### WHAT TO WORK ON
The answer must consist solely of the lines below starting at the one containing "Additional image 61" and ending at the one containing "スニーカー エアフォース 1 nike スーパー コピー n 級 品 後払い 格安", repeated exactly, with both ends included and all pictures omitted.

DATA LISTING below:

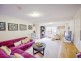 17 Blaxland Street, Lithgow NSW 2790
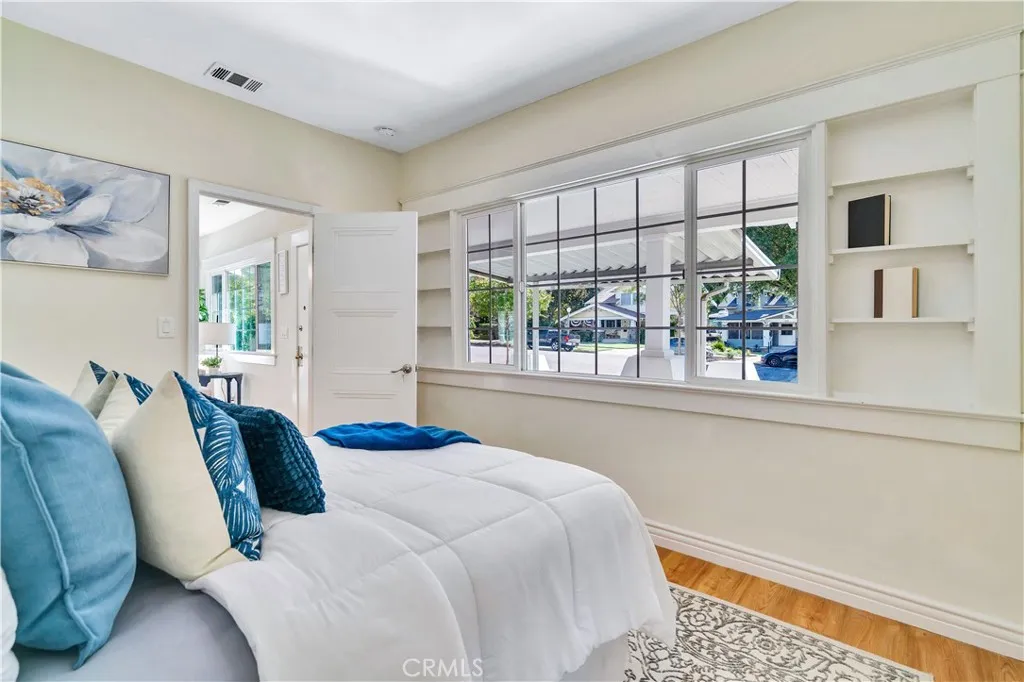 Additional image 61 of 511 Alvarado Street, Redlands, CA 92373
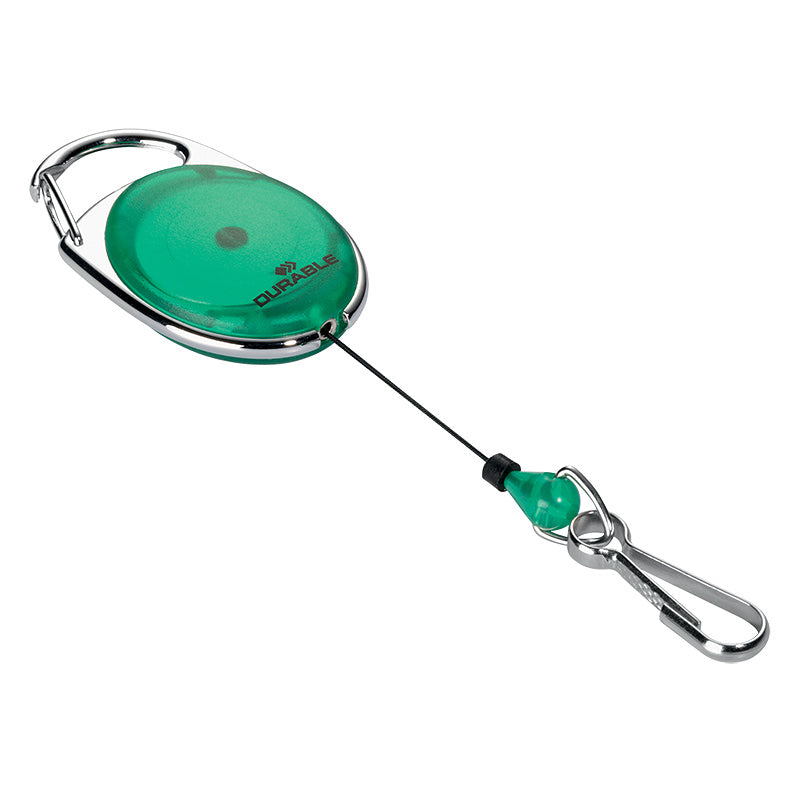 Name card holder DURABLE
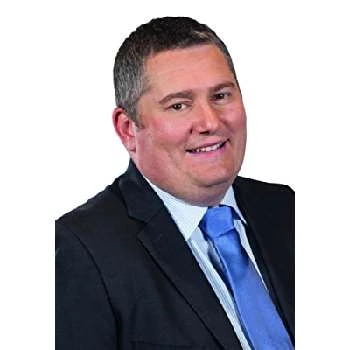 Julien Borowczyk - Age, Bio, Birthdate, Family, Networth & More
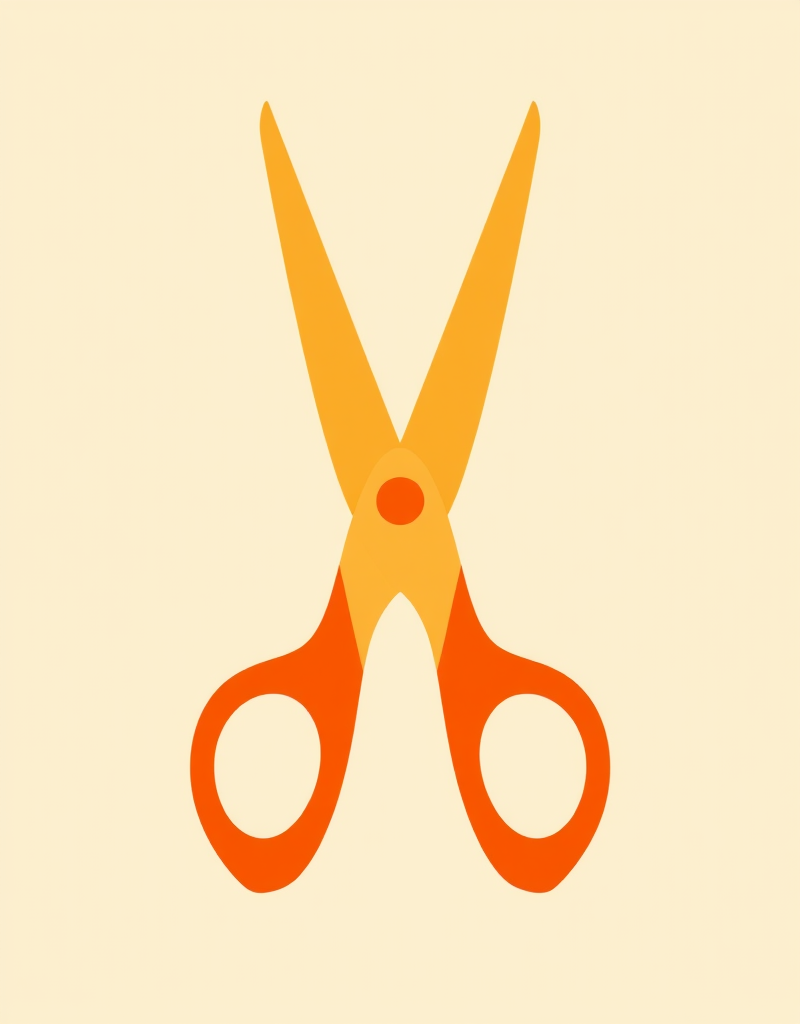 [Кондитерка] Секреты слоеного теста: Мильфей vs Наполеон (Мария Селянина)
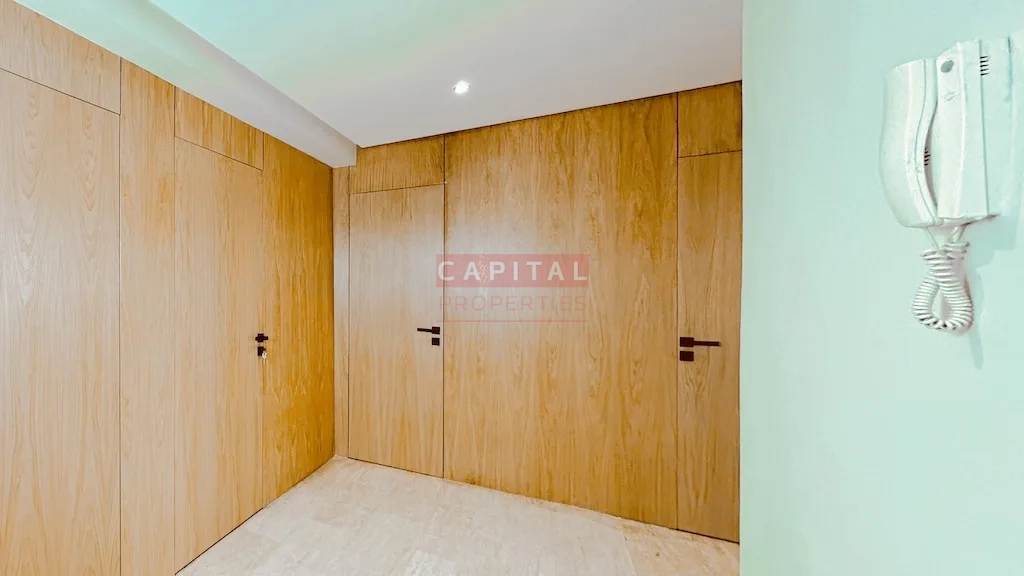 Luxueux appartement à louer à Guéliz - Photo 6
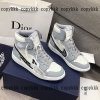 スニーカー エアフォース 1 nike スーパー コピー n 級 品 後払い 格安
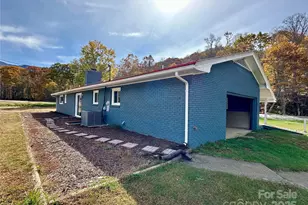 609 Cattail Rd, Burnsville, NC 28714 - Photo 23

End of DATA LISTING.

### TASK ANSWER
 Additional image 61 of 511 Alvarado Street, Redlands, CA 92373
 Name card holder DURABLE
 Julien Borowczyk - Age, Bio, Birthdate, Family, Networth & More
 [Кондитерка] Секреты слоеного теста: Мильфей vs Наполеон (Мария Селянина)
 Luxueux appartement à louer à Guéliz - Photo 6
 スニーカー エアフォース 1 nike スーパー コピー n 級 品 後払い 格安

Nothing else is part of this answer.